• THE PROBLEM
Copy every line of the data below exactly as given, except for the pictures.

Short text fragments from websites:

-=-=-=-=-

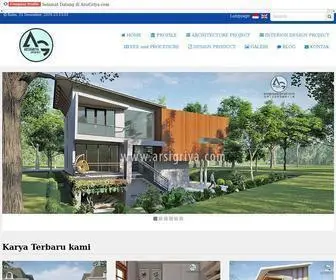 Arsigriya.com(Jasa Arsitek Jogja) Screenshot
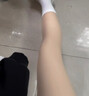 茉寻杨颖同款光腿神器纽扣款可拆卸超自然连裤袜连脚白皙肤厚绒款 实拍图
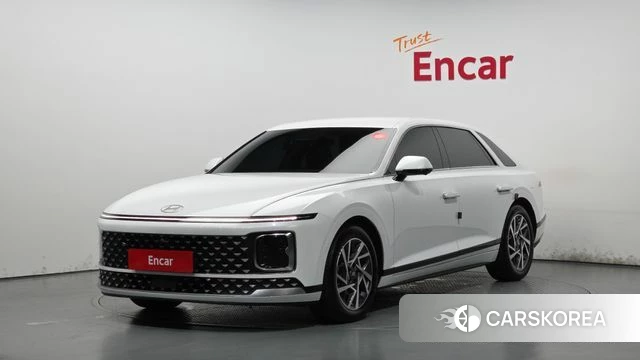 Hyundai Grandeur (GN7) 2023 Белый из Кореи
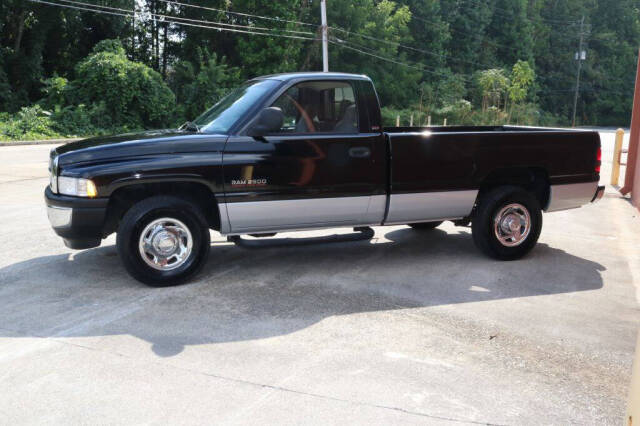 1998 Dodge Ram 2500 for sale at S.S. Motors LLC in Dallas, GA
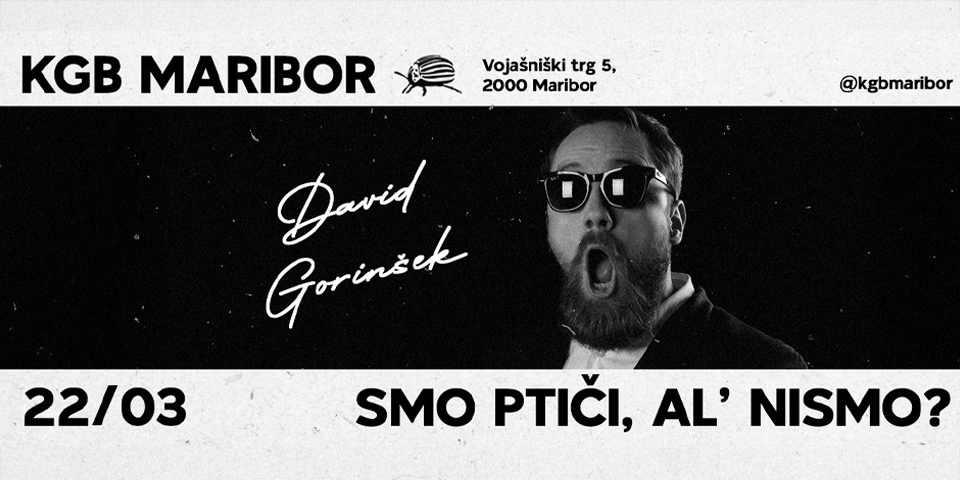 David Gorinšek - Smo Ptiči, al' nismo ? David Gorinšek - Smo Ptiči, al' nismo ?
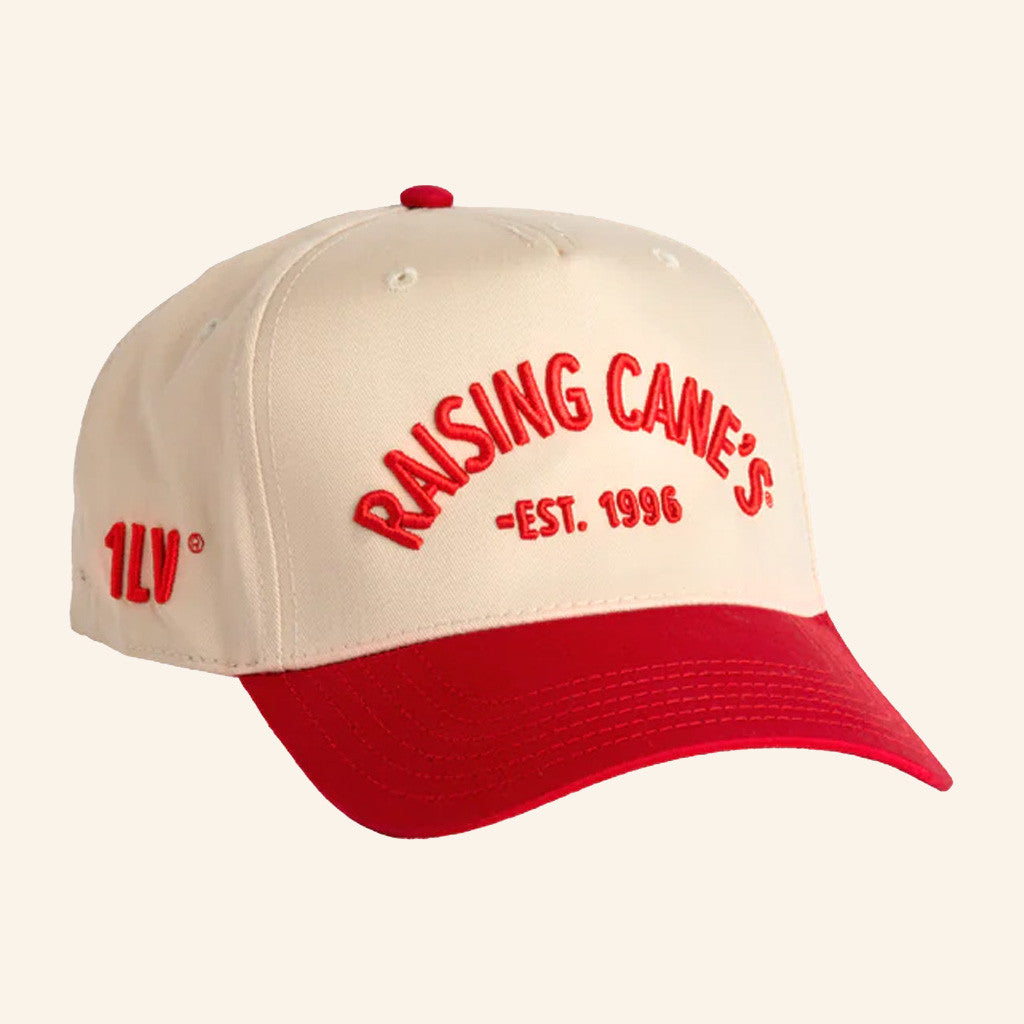 Raising Canes Merch Raising Cane's EST 1996 Embroidered Hat Present For Sister - Lilybirchmarket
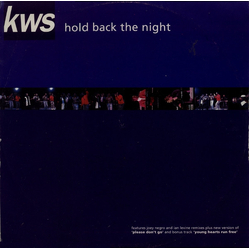 K.W.S. Hold Back The Night Vinyl 12" USED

-=-=-=-=-

• RESPONSE AREA
 Arsigriya.com(Jasa Arsitek Jogja) Screenshot
 茉寻杨颖同款光腿神器纽扣款可拆卸超自然连裤袜连脚白皙肤厚绒款 实拍图
 Hyundai Grandeur (GN7) 2023 Белый из Кореи
 1998 Dodge Ram 2500 for sale at S.S. Motors LLC in Dallas, GA
 David Gorinšek - Smo Ptiči, al' nismo ? David Gorinšek - Smo Ptiči, al' nismo ?
 Raising Canes Merch Raising Cane's EST 1996 Embroidered Hat Present For Sister - Lilybirchmarket
 K.W.S. Hold Back The Night Vinyl 12" USED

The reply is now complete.